Write down the lines exactly as they appear, from the one that contains "320 DUBS CHURCH RD, Hanover, PA 17331" through the final line of the records, so that both ends are kept and no pictures come along.

------------------------------------------------------------------------

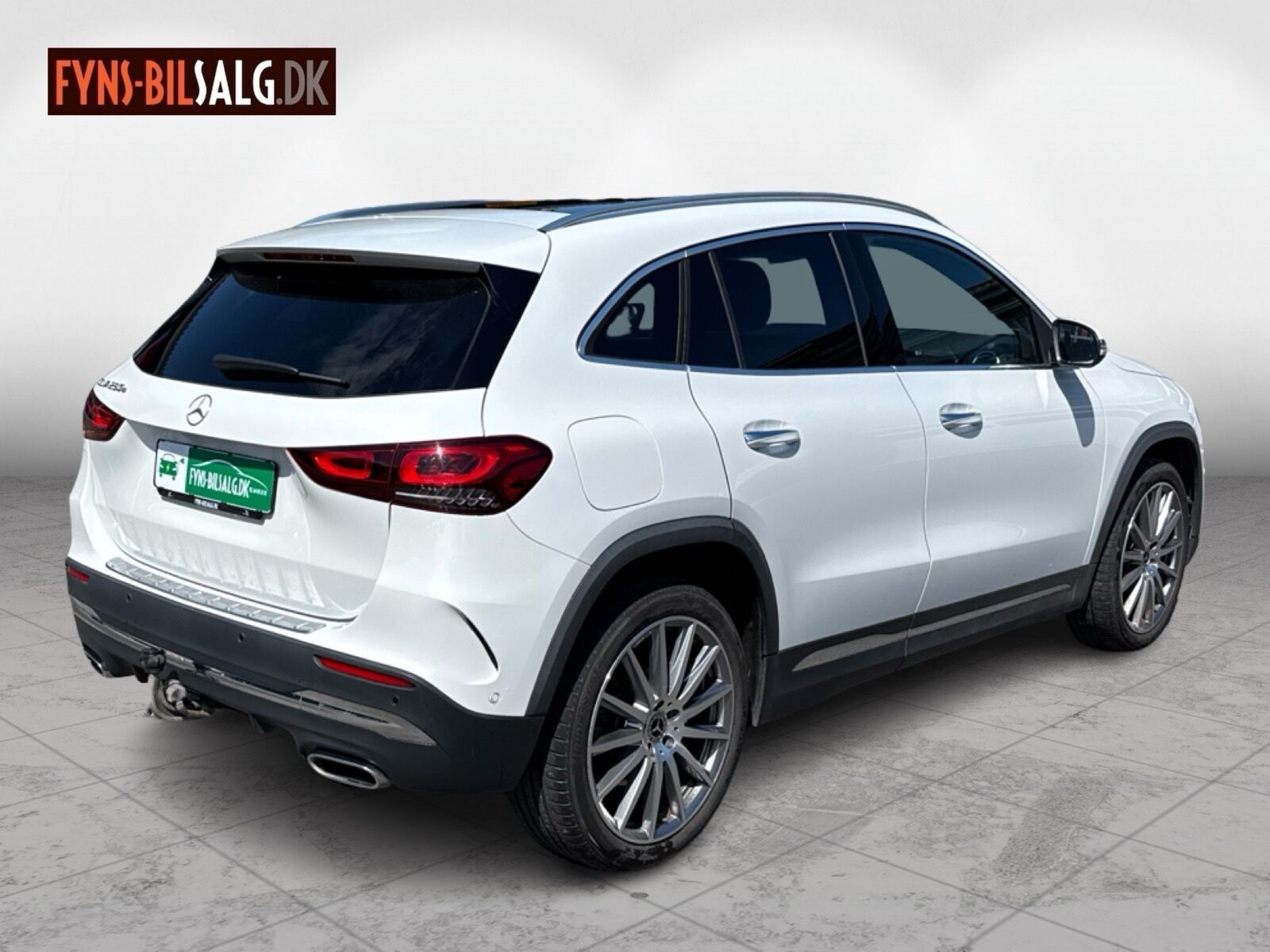 Hvid Mercedes GLA250 e fra 2022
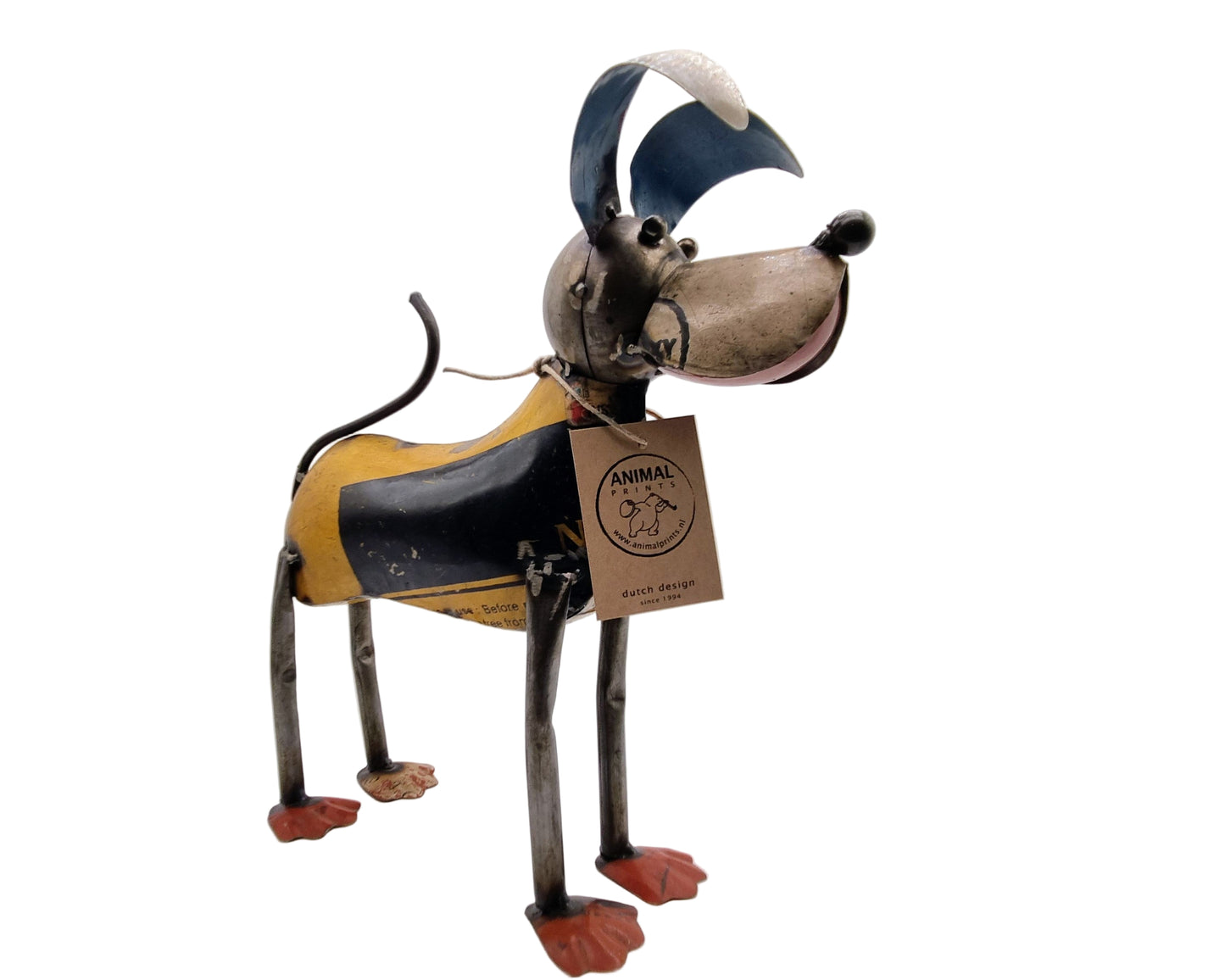 Metallstatue eines stehenden Hundes
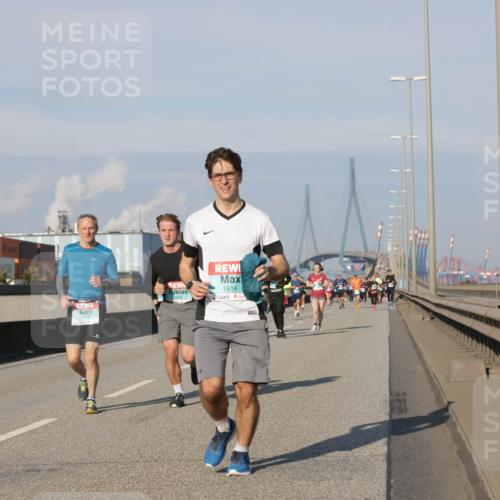 03.10.2025 - Köhlbrandbrückenlauf Jannik Wohlers http://msf.ph/oto/9077664 03.10.2025 09:52:33 Position 3 1402, 1516, 1319 meine-sportfotos.de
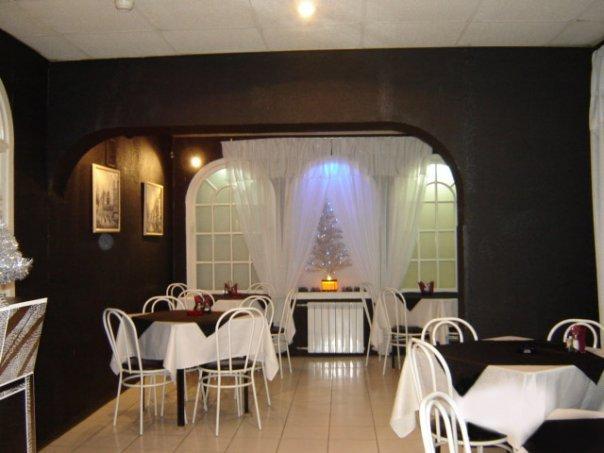 Сестрорецк: Mini Hotel Black and White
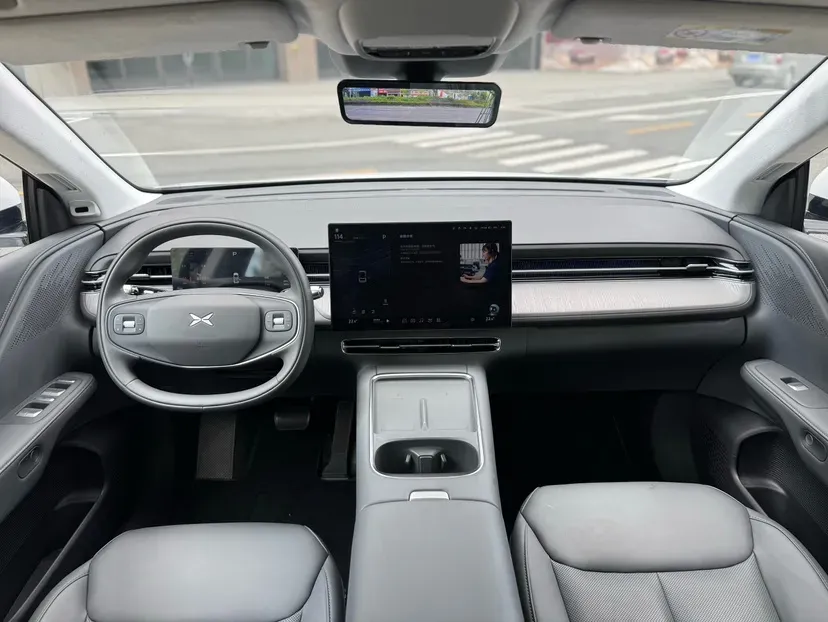 2025 Xpeng G6 BEV 68.5KWH,autocango,china used car exporter,china ev exporter,chinese used car exporter,chinese used ev exporter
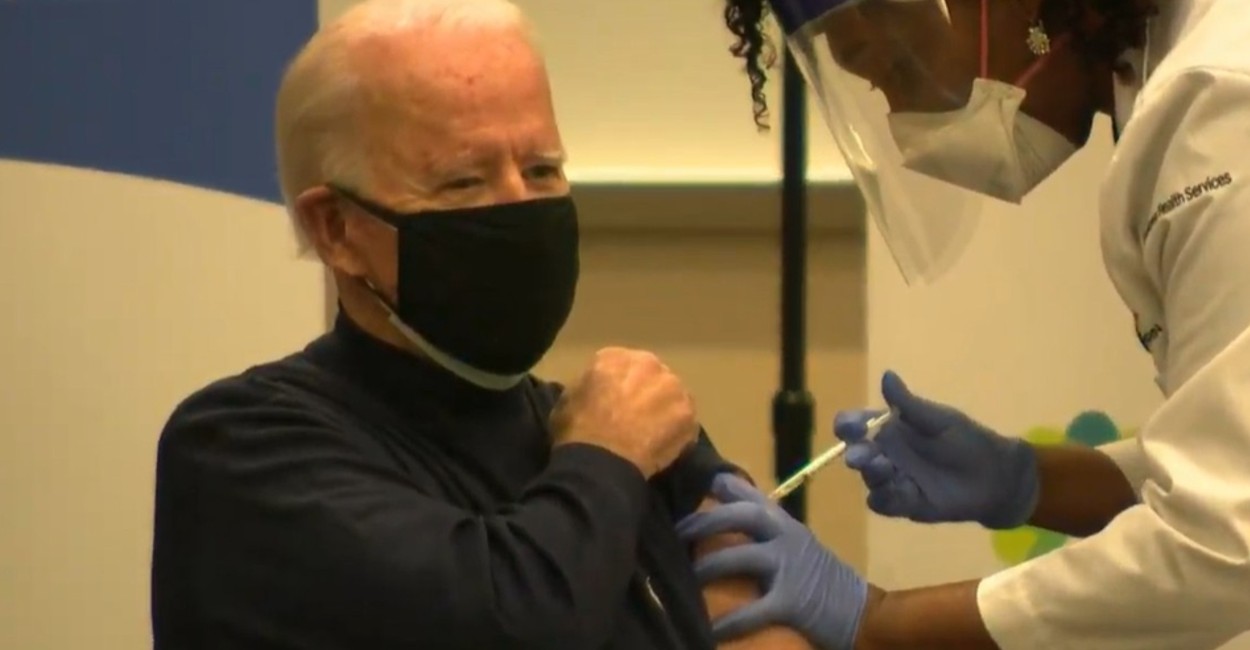 Joe Biden durante la aplicación de la vacuna. | Foto: captura de pantalla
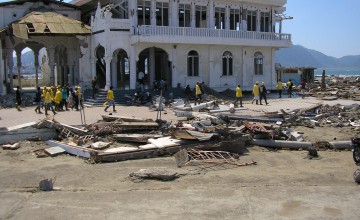 The aftermath of the 2004 tsunami in Indonesia. Photo: Donal Darcy/Concern Worldwide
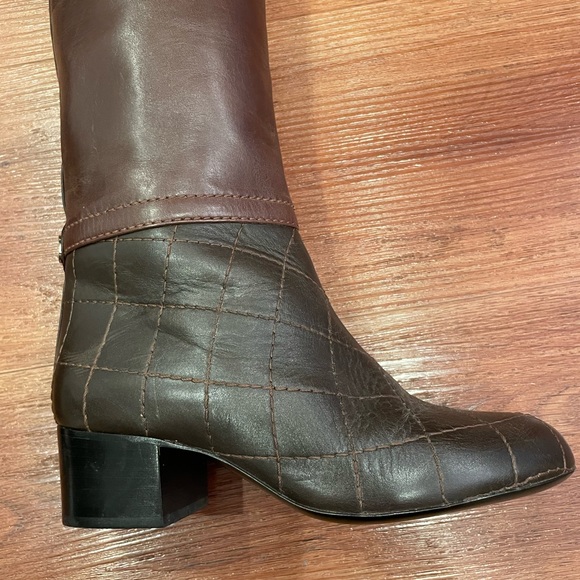 ❌SOLD❌ CHANEL Brown Boots - Picture 9 of 16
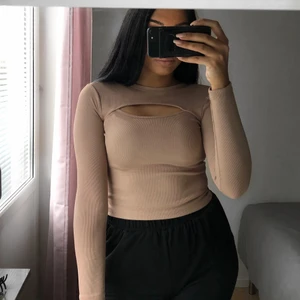 Tröja H&M storlek XS - Tröja från H&M i storlek XS. Lite för tight för mig som brukar ha S. Tröjan är i nyskick :)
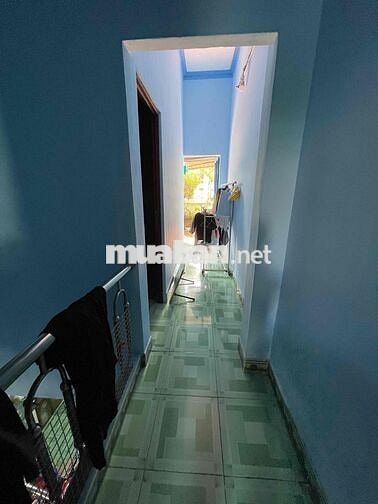 nhà mặt tiền đường 9m thích hợp kinh doanh mọi nghành nghề.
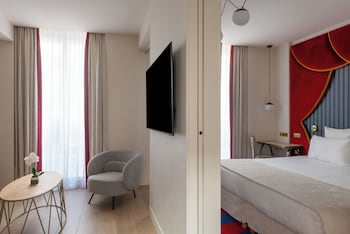 Privilege Room - Complimentary soft minibar,courtesy tray, Chromecast and digital press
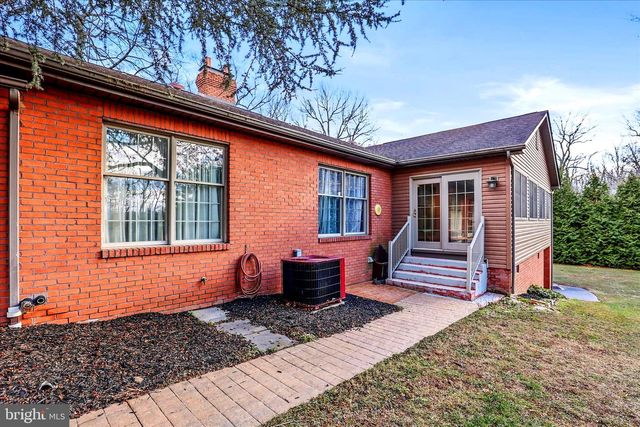 320 DUBS CHURCH RD, Hanover, PA 17331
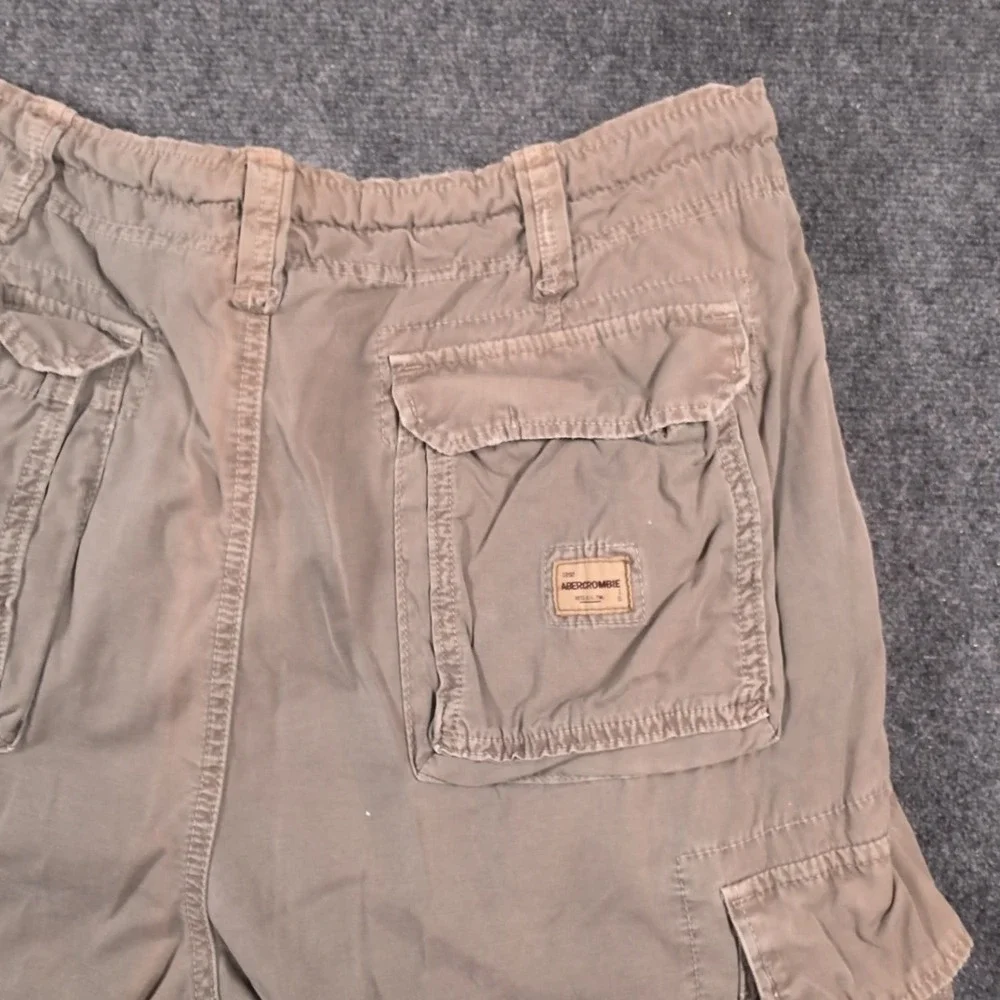VTG Abercrombie Cargo Shorts Mens XL Khaki Tan Cotton Elastic Waist Pockets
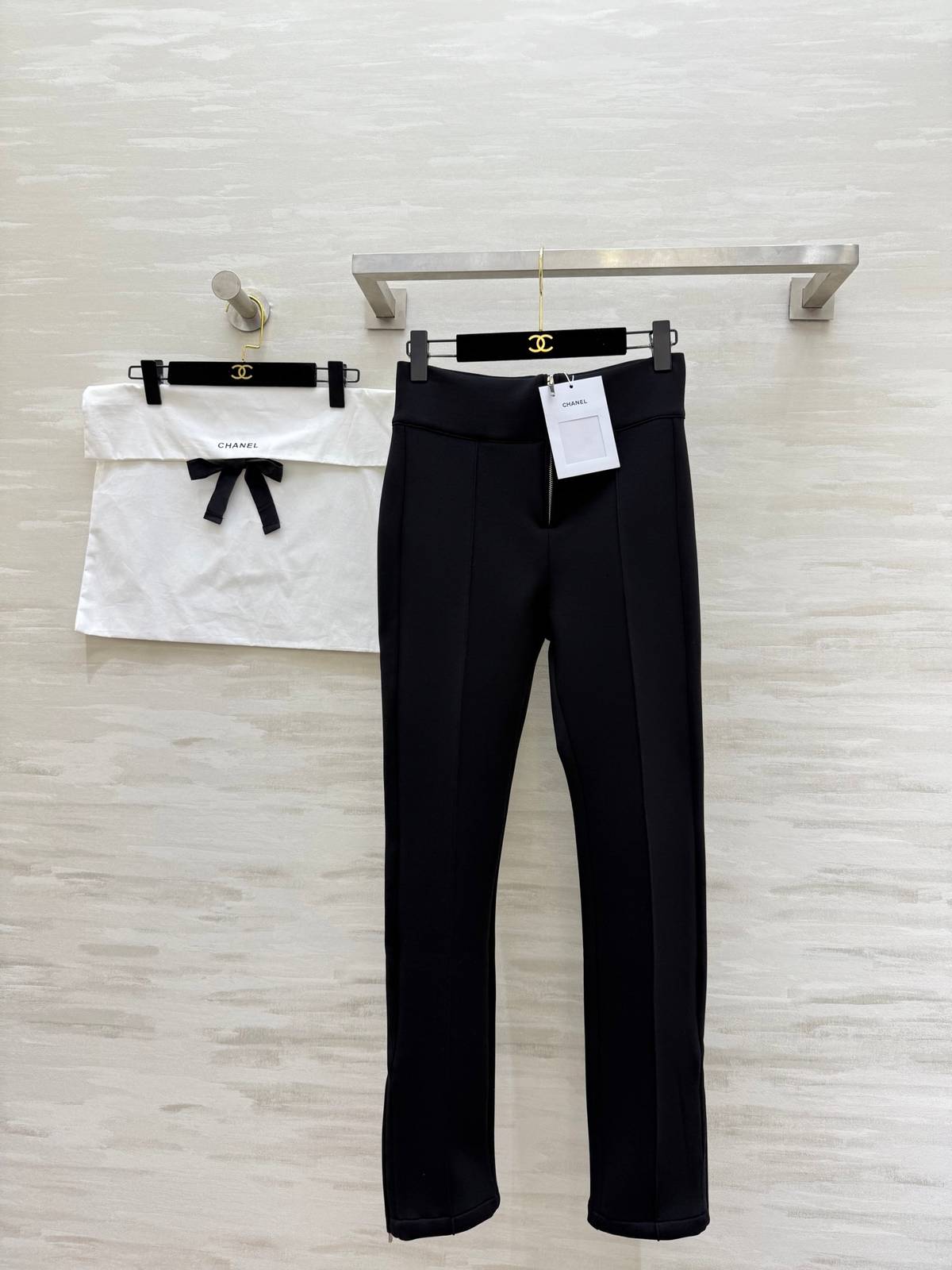 CHANEL シャネル カジュアルパンツ ハイウエスト ストレート ブラック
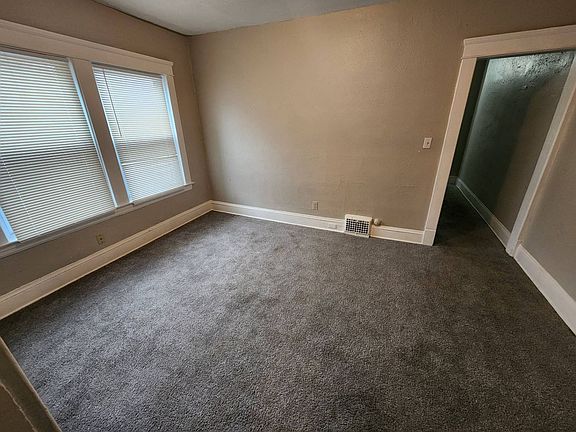 5th image of 800 E 95th St #3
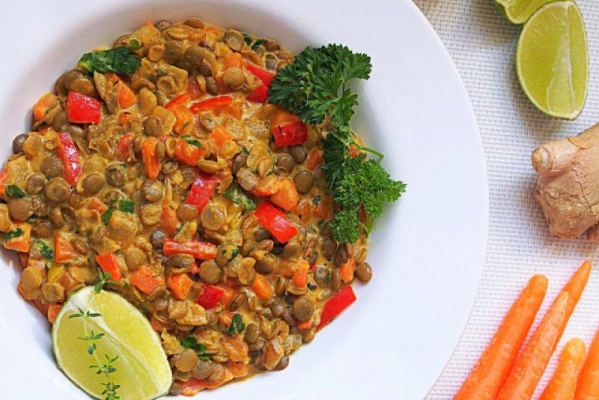 Warzywne curry z zieloną soczewicą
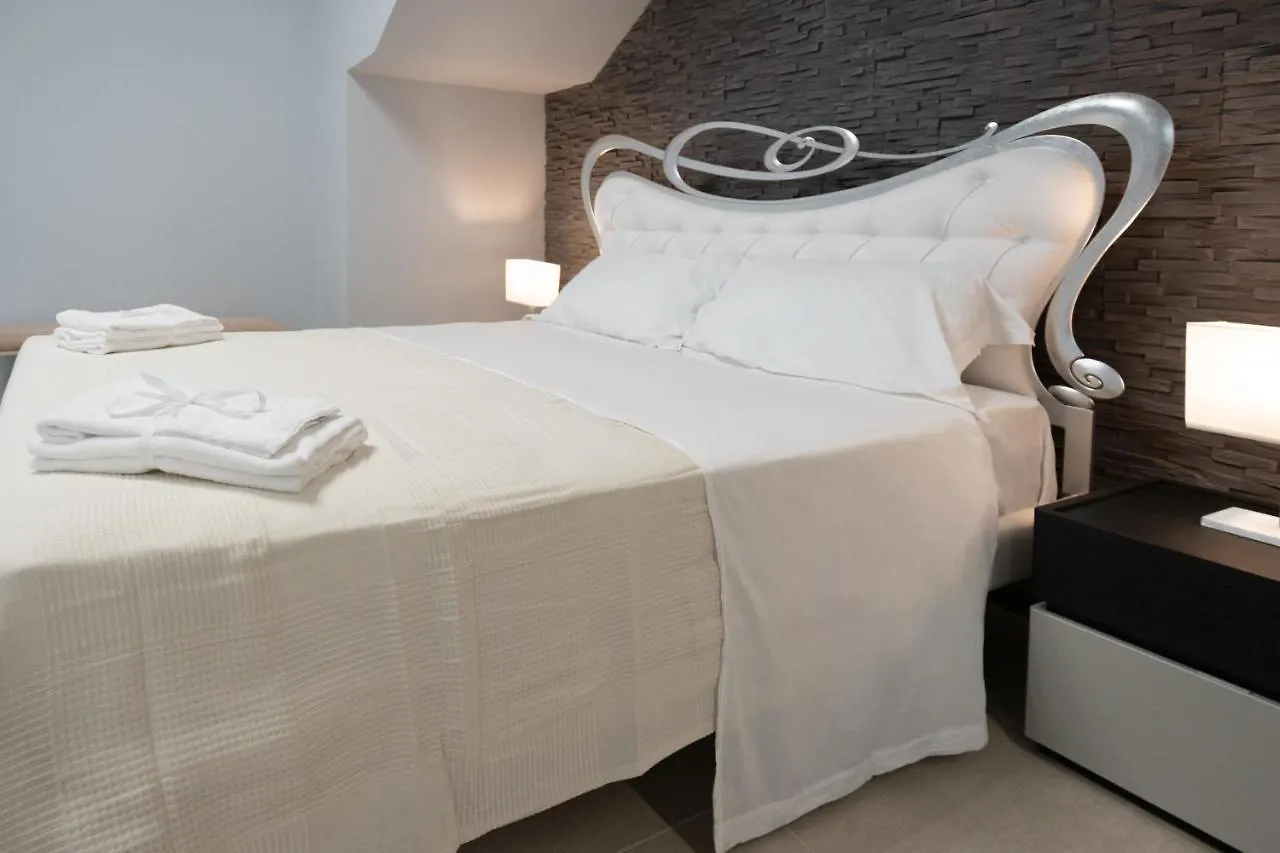Iitana Luxury Apartments Catania 0*,  Italy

------------------------------------------------------------------------

▶ _Solution to this exercise_:
 320 DUBS CHURCH RD, Hanover, PA 17331
VTG Abercrombie Cargo Shorts Mens XL Khaki Tan Cotton Elastic Waist Pockets
 CHANEL シャネル カジュアルパンツ ハイウエスト ストレート ブラック
 5th image of 800 E 95th St #3
 Warzywne curry z zieloną soczewicą
Iitana Luxury Apartments Catania 0*,  Italy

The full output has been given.